“No One Warned Us”

I live in land-locked Worcester, but I come from the sunny Suffolk coast: listening to the news just now, how 200 meters of Hemsby’s road has fallen into the sea, makes me feel incredibly sad, incredibly angry, and utterly, utterly baffled. 



A resident said it came out of the blue: it was “unexpected, absolutely terrifying, heartbreakingly – I’ve been crying all day – I don’t actually understand why this has happened because no one told us it was going to happen, no one warned us about high tide, no one said about storms or anything – it’s just terrifying.”

Hemsby Resident on BBC 6 Music News (approx. 1 hr 30 in)

So whose job is it to inform us of the disastrous effects of climate change?  Who informs the public on the climate emergency?  Government? Media?
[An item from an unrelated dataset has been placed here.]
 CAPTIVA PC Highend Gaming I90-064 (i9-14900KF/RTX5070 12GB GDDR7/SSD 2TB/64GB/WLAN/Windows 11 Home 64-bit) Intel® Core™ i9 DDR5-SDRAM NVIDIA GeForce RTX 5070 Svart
Local communities?  Ourselves?

 

 Climate change is the defining crisis of our time, and it is happening even more quickly than we feared: and yet, daily life does not look like an emergency.  Article 12 of the Paris Agreement, written in 2015, entered into force on 4 November 2016.   It is a legally binding international treaty – legally binding – but today’s news story is just one example of the UK’s failure to take appropriate measures to enhance public awareness.

 

The news stories, too, are baffling, with their lack of any explicit, direct mentions of climate change being a driver for this type of emergency.  The BBC article ‘Hemsby: How many other communities are at risk of erosion?’ (published in March), starts their article with “Coastal erosion claimed three homes in Hemsby last weekend and a further two properties in the village are deemed at serious risk.” Notice how this is phrased - Coastal erosion claims the houses – the way the article tells it, people don’t seem to have any choice in the matter.
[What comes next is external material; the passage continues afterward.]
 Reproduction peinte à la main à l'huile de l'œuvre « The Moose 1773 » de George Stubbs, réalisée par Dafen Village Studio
 Hemsby: How many other communities are at risk of erosion?

You have to read quite far into the article before you get an explicit mention of climate change: A spokesperson for the Environment Agency said parts of England's coast were “amongst the fastest eroding coastline in Europe", and “Climate change, sea level rise and increased storminess will increase the rate of change which will threaten the resilience of coastal communities if no action is taken.”   Notice this phrasing too – separate lists of disastrous reasons, rather than a holistic consideration of climate change driving sea-level rise and causing an increase in storms.

"What can be done to prevent or slow down the impact of coastal erosion?” Asks the article, right at the end.  Well, amongst the “limited range of options” detailed, there’s no mention of our role in sticking to our climate targets, individually or collectively.
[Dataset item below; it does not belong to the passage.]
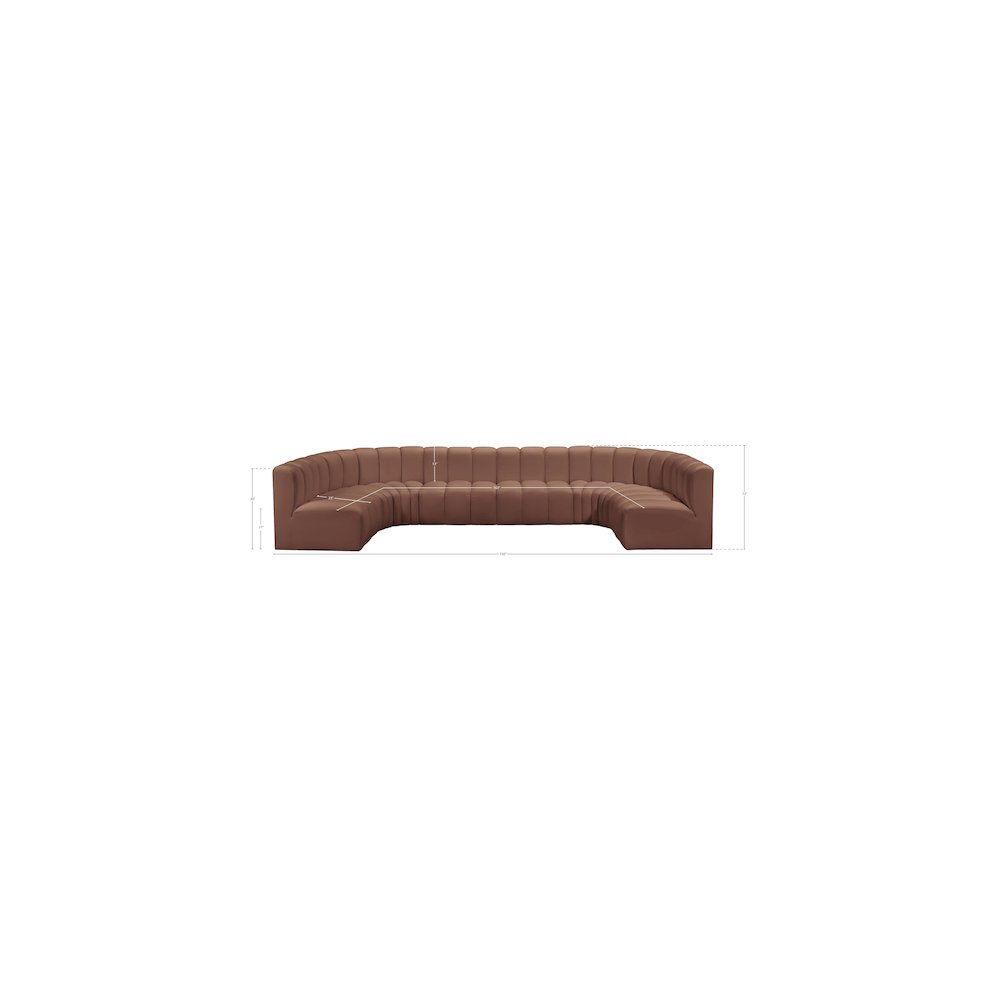 Arc Cognac Vegan Leather Modular Sofa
 As Ben Rawlence says in his essayPublic Education in an Era of Planetary Emergency”, “The reality of the planet is not real for most people most of the time. ...the planet you think you live on no longer exists.” He goes on to say “what needs to change goes much deeper than specific laws or policies... Systems change when there is a culture that demands it.”

 Public Education in a Planetary Emergency - Ben Rawlence

I passionately believe that education is the transformative tool that can develop the necessary shift in mind-set that we so desperately need to tackle the climate and ecological crisis – and, as a matter of urgency, it must be all of us who are educated, not just our children and young people.  The urgent re-wiring of society is essential for all, as climate change is a safeguarding issue for us all.  

On the whole, the general public still know very little.  We need our leaders to deliver an ongoing, evolving Public Information Campaign, with the core aim of keeping people safe from Climate and Ecological Breakdown. 

 As Greta Thunberg says, “we all have a role to play, but the bigger your platform, the bigger your responsibility.”  A Public Information Campaign would have a hugely positive impact on attitudes and behaviours, resulting in a cultural demand for change.  We need expert panels, explainer films, national radio and press adverts; we need to know the importance of our individual and collective roles in helping to reduce emissions, offering concrete actions (such as these actions from the UN https://www.un.org/en/actnow/ten-actions;), continuous updated science and news stories (both good and bad). Leadership, urgency and authority. would give the climate emergency the sustained attention and prominence it demands 

We must never again hear on the news “I didn’t know – no one warned me!”  

We must all know – and we must all act.

 

 Lesson ideas:

In English, we encourage pupils to ask these crucial who, what, why questions when exploring any text: Who wrote it?  What is their view?​ Why – what is the purpose?​

 This news story can be used to teach a whole variety of skills, and form the basis for debates, writing, and reading tasks. Why not explore the emotive language of the press?  Questions to ask: Why interview this particular resident? (I am sure there are hundreds of residents that did know!). Why bury any mention of the climate crisis deep into the article?  Or use as a basis for creative writing: e.g. Diary writing, how would it feel to be a resident of Hemsby? Descriptive writing of the beach; narrative writing, with a walk along the coast.

 RE & Ethics: whose moral responsibility is it to inform us of the climate crisis?

Politics: considering article 12, if our government don’t inform the public effectively, are they breaking the law?

DT: how can we build effective sea defences?

Maths: use coastal erosion data

Psychology: Why do some people know, and others seem not to – what’s the psychology behind that?